Если верно то, что основное ядро популистов очень маленькое и составляет от пяти до шести процентов, а остальные следуют за ними, ведомые чувством протеста, им необходимо сигнализировать наше понимание их опасений и тревог, а также нашу реакцию на них. Это, на мой взгляд, те две стратегии, которые нужно практиковать, в противном случае позитивное отношение к популистам будет только увеличиваться. А среди партий возрастает лишь усталость и неспособность к перспективному мышлению.  

Придерживаются ли такого же мнения и большие народные партии?

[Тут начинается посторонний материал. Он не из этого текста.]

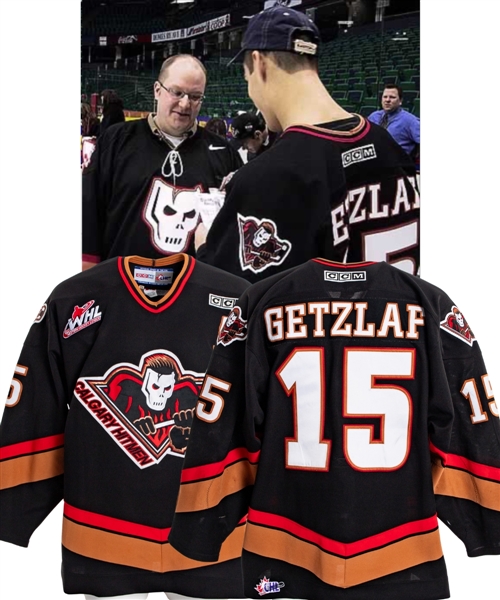 Ryan Getzlafs 2003-04 WHL Calgary Hitmen Game-Worn Alternate Captains Jersey - Photo-Matched!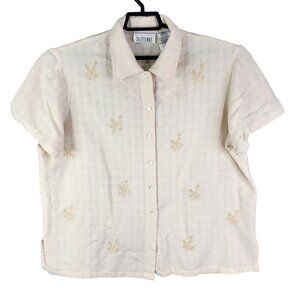 Women's Casey & Max Beige Shirt Linen Blend Short Sleeve Button-Up Size XL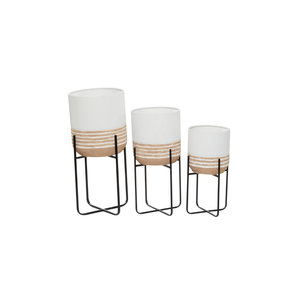 Set de 3 Maceteros con Bases Removibles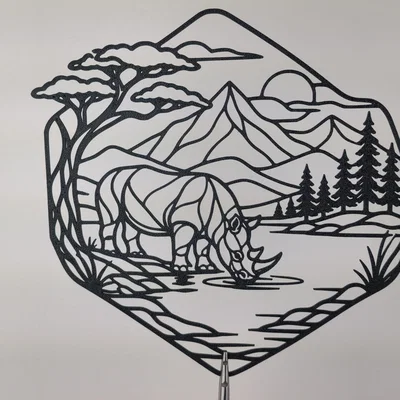 Rhino Nature Landscape 2D Wall Art - Tranh Treo Tường 2D STL Tê Giác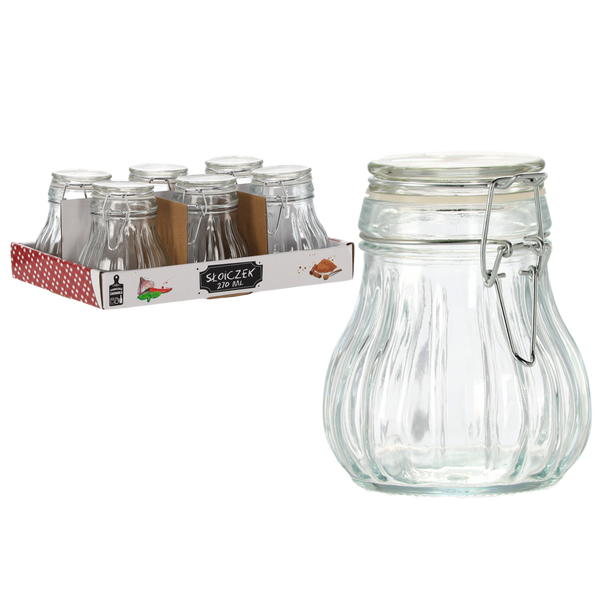 SŁOICZEK 270 ML OKRĄGŁY Z ZAPIĘCIEM MECHANICZNYM disp=6szt *8062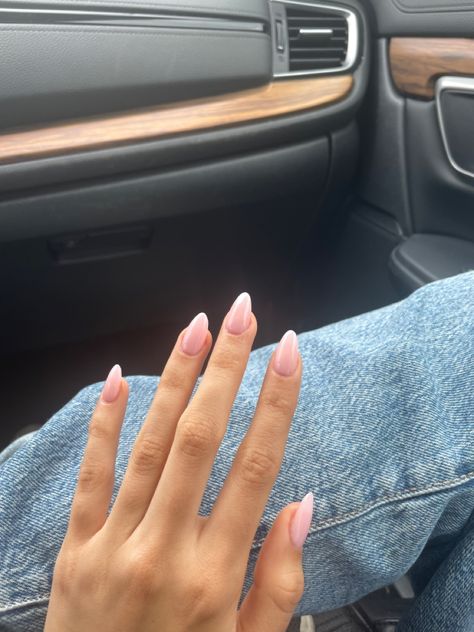 Glossy Pink Nails Natural, Jelly Pink Acrylic Nails, Sheer Pink Acrylic Nails, Light Pink Jelly Nails, Transparent Pink Nails, Pink Nails Short Almond, Jelly Nails Pink, Jelly Pink Nails, Light Pink Almond Nails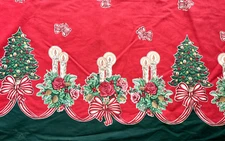 Vtg Wamsutta Cotton BLend Double Border Christmas Fabric 72" W x 4 yds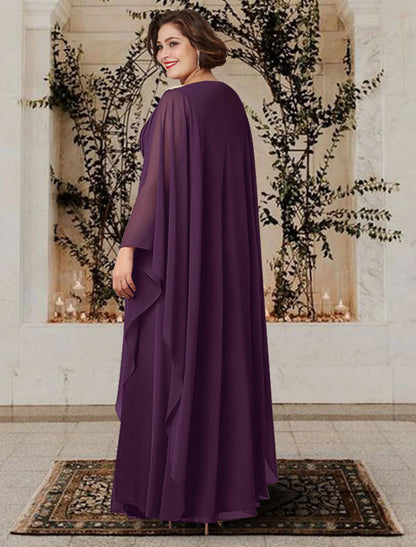 A-Line Mother of the Bride Dress Plus Size Elegant V Neck Floor Length Chiffon Long Sleeve with Pleats Crystals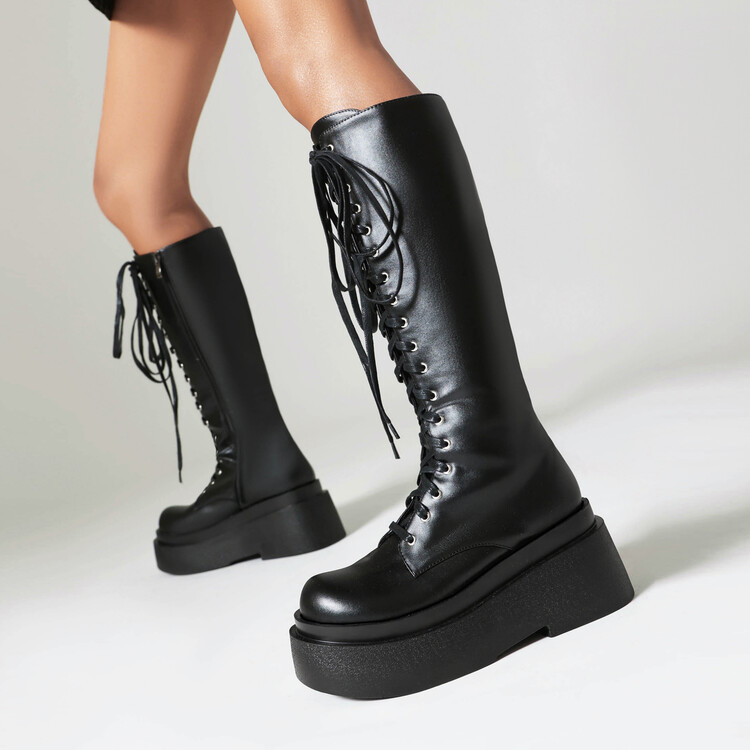 绑带及膝长靴2023外贸秋冬新款欧美风圆头双防水台厚底前系带女靴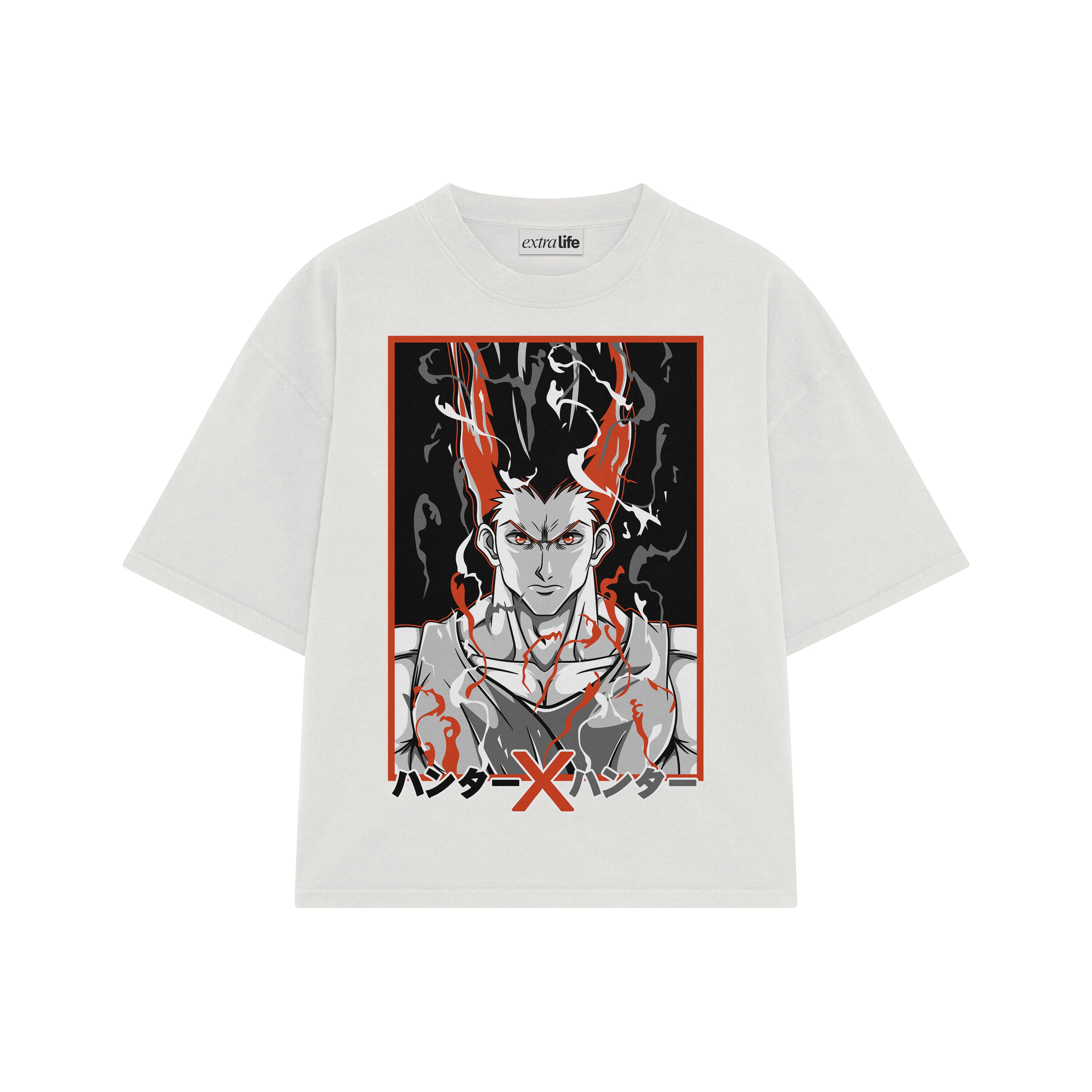 Playera streetwear premium de anime y gaming ExtraLife MX, corte boxy oversized drop shoulder heavyweight en color Deep Black y Off-White, moda urbana mexicana de culto.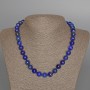 Lapis Lazuli Necklace natural stone smooth bead, diameter 10mm±, length 47cm±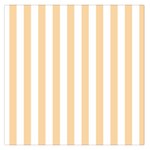 Vertical Stripes - White and Sunset Orange Large Satin Scarf (Square)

Не совсем. Наши политики представляют и репрезентируют то, что в науке называют космополитической позицией: максимально открытые границы, всяческое способствование миграции. А мыслям и чувствам представителей более слабых социальных слоев не придают значения, они подвергаются критике, причем не только тогда, когда речь идет о беженцах, а и по всему спектру вопросов, касающихся условий жизни и труда. О них отчасти по-настоящему вообще мало что известно. Необходимо преодолеть эту социальную отстраненность. Итак, следует создавать возможности для доступа к себе, двигаться навстречу другим, даже если это кому-то не по нутру. Иного выхода, на мой взгляд, нет.